Monday, September 14, 2015

How We Got Our Teenaged Son to Find a Job


Our son has just crossed the threshold into the working world.

A few months ago, his computer broke. For some of us (adults) this is a sigh-moment. Even a da*n-it-moment. For others (people younger than us) it's THE END OF THE WORLD.

We try to be honest with our children as often as possible and there was never a more painful moment than I announced, in response to his coy statements about how computers help with homework, when I revealed to my doe-eyed son: We don't have the money.

THAT was the motivating moment. That was when Alex knew: he needed to find his own money. Somehow.



Let me be very, very clear: perhaps we could have bought a computer for him. But that would mean we would have to delve into credit and empty out our accounts of meager savings. Is that smart of us? Is that a good example for him? Nope and nope.

It's a difficult balance with raising teenagers who have desires beyond your wallet. Sometimes it's important: school supplies? shoes? underwear? We'll make it happen. Sometimes.. it's a little vague. New backpack? More markers? Weekend trip with friends? Sometimes... we have to say no, but it's a bit of a bummer. Your own TV? A new outfit just because? The latest smartphone? Sometimes, it's crystal clear that we can't do it.

Involving our children in the conversation of what is affordable for us and what is not has been a little embarassing at times, but over time, they have become less demanding. It was an educational process, too, for both of us.
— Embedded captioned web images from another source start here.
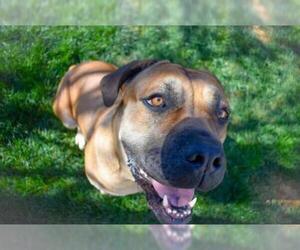 Bullmastiff Dogs for adoption in Clayton, CA, USA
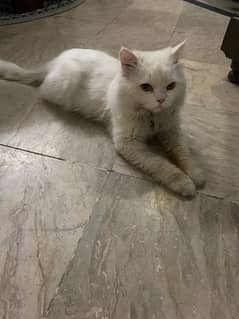 Persian White Male Cat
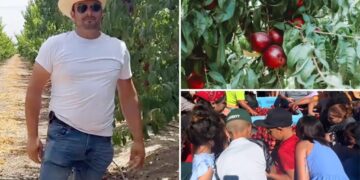 Embattled California fruit farmer gives away more than 125,000 pounds of nectarines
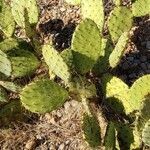 Opuntia littoralis leaf picture by Jonathan Testa (cc-by-sa)
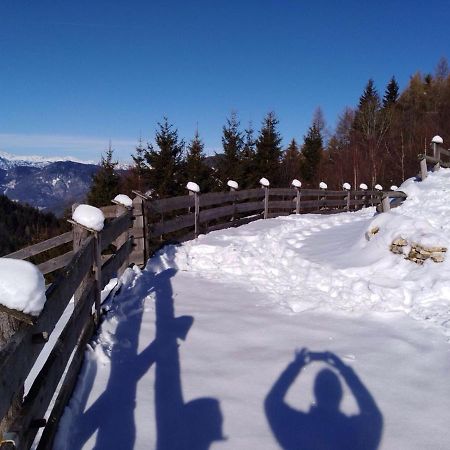 Baita Del Nonno Dei Pitoi Villa Bedollo Dış mekan fotoğraf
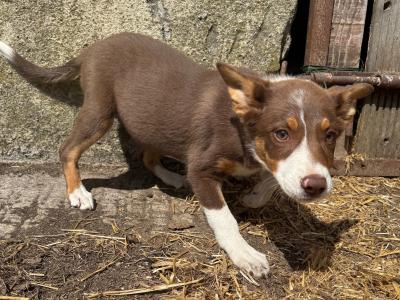 Gorgeous female Border Collie puppy 3 months old in Wexford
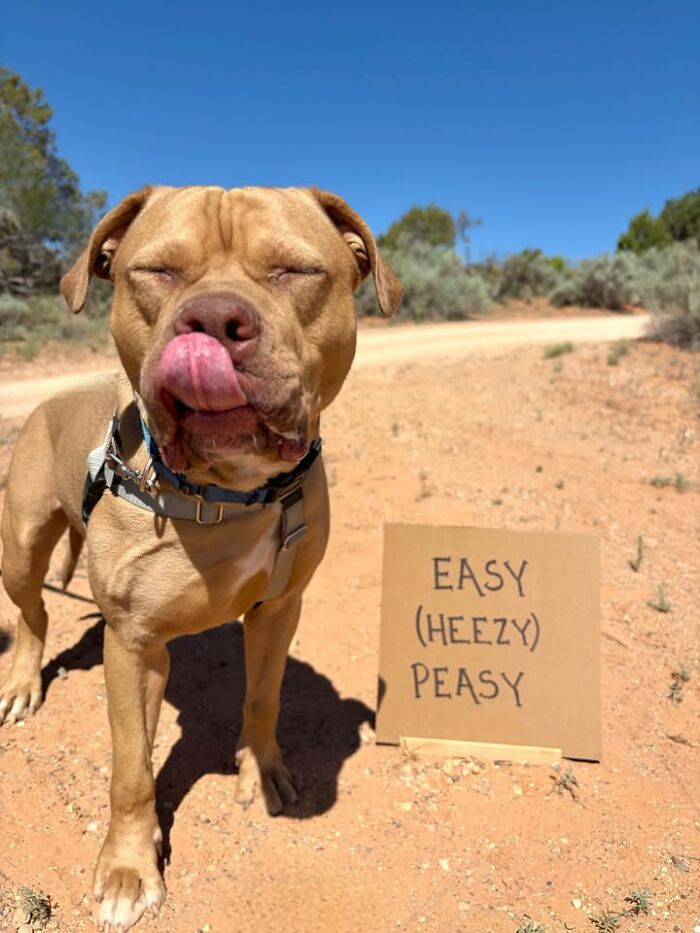 &ldquo;Dog With Sign&rdquo; Uses Its Famous Cardboard Messages To Spotlight Adoptable Pups (44 Pics)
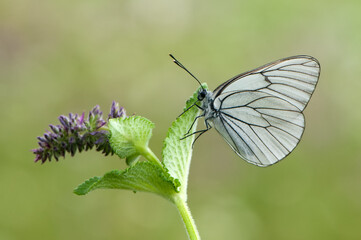 Aporia crataegi butterfly on a wild flower early in the morning waiting for the first rays of the sun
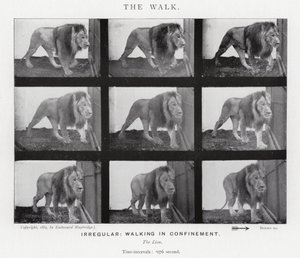 Eadweard Muybridge: The Walk (صورة b / w) بواسطة ايدويرد مويبريدج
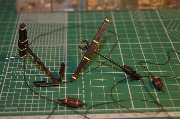 DSC01602.JPG
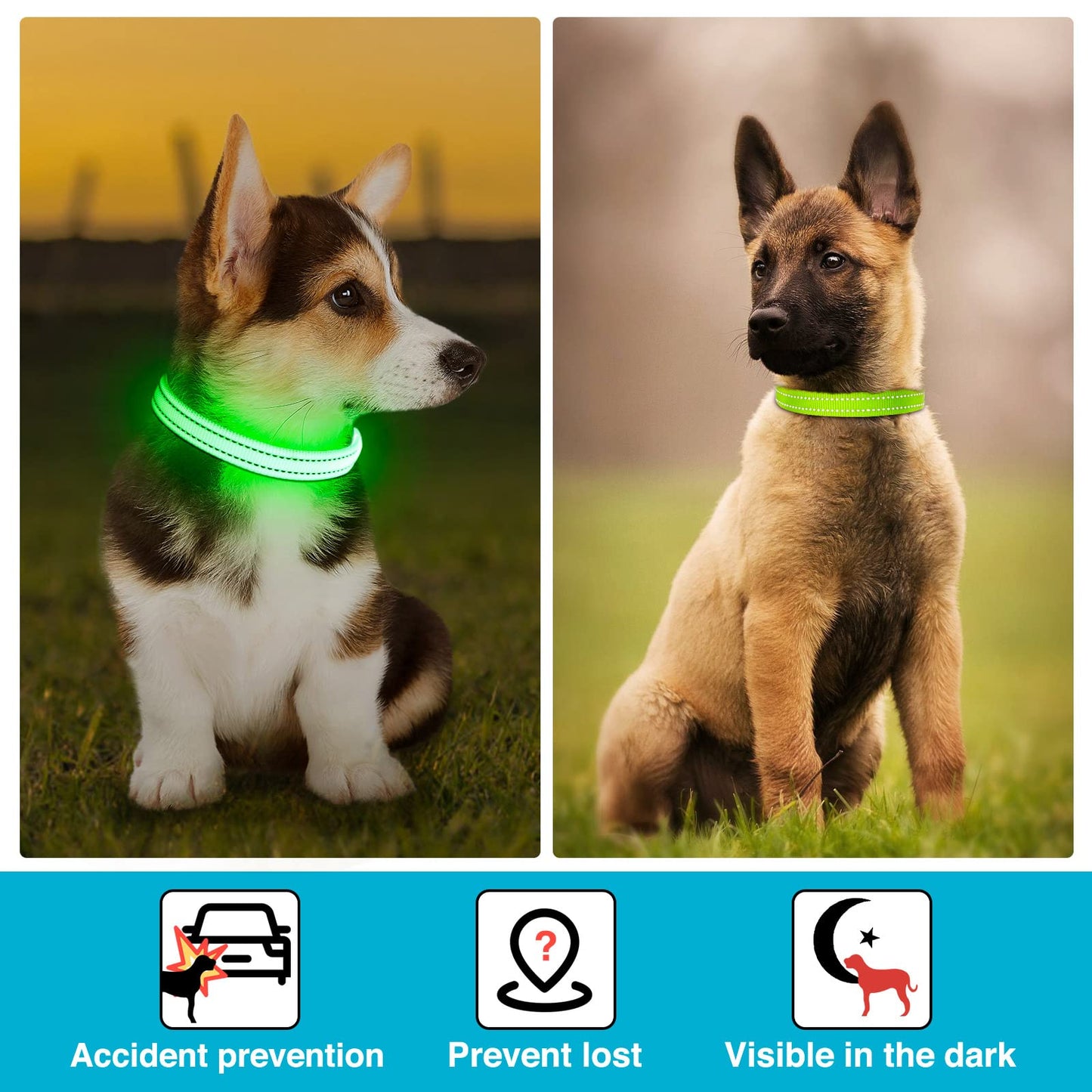 KOSKILL LED Dog Collar - Light Up, Adjustable, Rechargeable, Waterproof, Glow in Dark for Small Pets (S, Green)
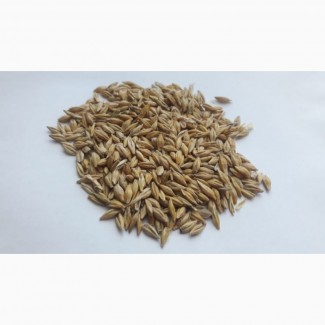 Sowing material I offer barley, crop 2019.Grain is pure, without any impurities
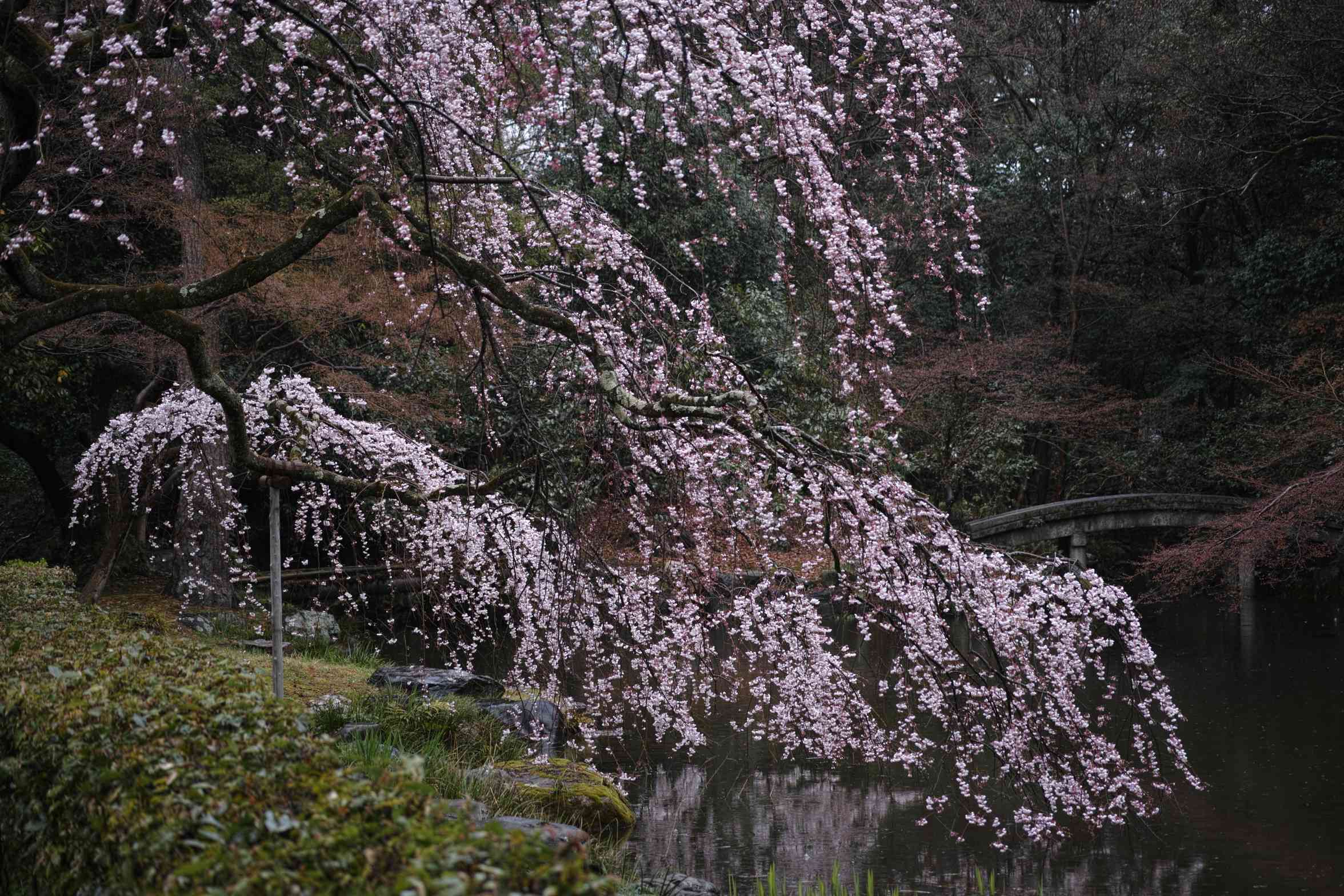 雨の日　Ⅰ_a0117507_1957480.jpg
I think it was important for us, as parents, to NOT always say, No, no, no. I think it was important for us to splurge a little, to show that we can enjoy ourselves once in awhile, without feeling too guilty. Family night out at the movies, pizza for dinner, etc, the latest video game, etc.

Since we did NOT always say no, when we DID say no, I believe we then gave our Nos more value in their eyes. They understood that this time, NO is because we truly couldn't do it.

When Alex knew he had to find his money, I said, on impulse, "Can you sell anything?"
I am a frequent Craigslist seller, so that was my go-to for extra cash.

I wanted him to to sell something he no longer cares about. I had to intervene a couple of times because in his passionate zeal to gussy up the money, he suggested selling some of his more sentimental items - and I could tell he was torn up about it. Taking a breath, I pointed out that he had two side table lamps - which were in addition to his giant room lamp and the solar tube -  and two side tables. Three weeks later, he sold one bedside table and both lamps. $45.00

From there, he became inspired and encouraged. He sold a push-mower for $50.00. An analog TV which I had gotten for free from a hotel sale for $45.00. His dad brought down some electronics parts that we had discovered in the house and together he and our son decided which were sellable and which were not. They explored Ebay and Craigslist. Alex also leaped into the Amazon opportunity and sold some DVDs and old video games.

Alex then tried applying for jobs. His options are limited as a teenager with no car but we were hopeful.

We tried to go door to door in the local business park which was within walking distance of our home, but he lost heart after the first attempt when he was told, "No, sorry, no work for you." It IS a little scary for young people so I didn't push too hard.

He tried applying for a local treat shop position for a place he could ride his bike to. No answer yet, two months later, even with follow up emails and calls. I told him to let it go. It is his secret Dream Job. I hope they respond one day. ...

The clincher though was my husband asked a friend of ours, a successful realtor, if he had any work Alex could do. I had expected filing or something. Lo, and behold, my son was now in the lawn mowing business for a few of his properties.  We were excited for Alex, and so was he, but there were many lessons to be learned in his first business venture, as the first time out, Alex lost money because he didn't negotiate too well. Another problem was he didn't have the right equipment for this one property which reportedly had chest-high grass. My husband said, of course, we must get a new tool! and ran out the door to pick up a motorized blade thing. He does things like that.

The positive side of this connection with our realtor friend is that when he gets these jobs, they'll likely be on the weekends. My husband was really concerned about his working as a teenager because he did not have a good experience working while in high school. Money and new friends made for a powerful distraction from his studies.

We are especially proud of our son for working so hard toward his goal. I know it's a valuable thing, to learn how to earn money, and how to earn money specifically for a goal. I think it was also valuable for our son to hear those words; We can't afford it, son, we love you, but we can't do it. And rather than leave that as a wall, we made it a door. What can you sell? What can you do? Let me show you Craigslist. Let me show you Ebay. Let me show you Amazon. Proverbs 22:6 NAB.

Final Note:

Occasionally parents fall into this stupid mental trap, "Oh, he'll figure it out." That is such crap. I believe our role as a parent is to encourage and to provide opportunity. If we just leave our kids hanging at the moments of crucial decisions, we lose out on an important chance to inspire, encourage, and develop.  It IS true that young people are resourceful. It is also true that young people who are often frustrated and directionless - due to a lack of guidance - morph into negative, downtrodden young adults. You know them. They always see the "can't" do, versus the "can" dos.  I know we don't want more of THOSE people, so we should own up to our part in making sure that we produce more "can" do people.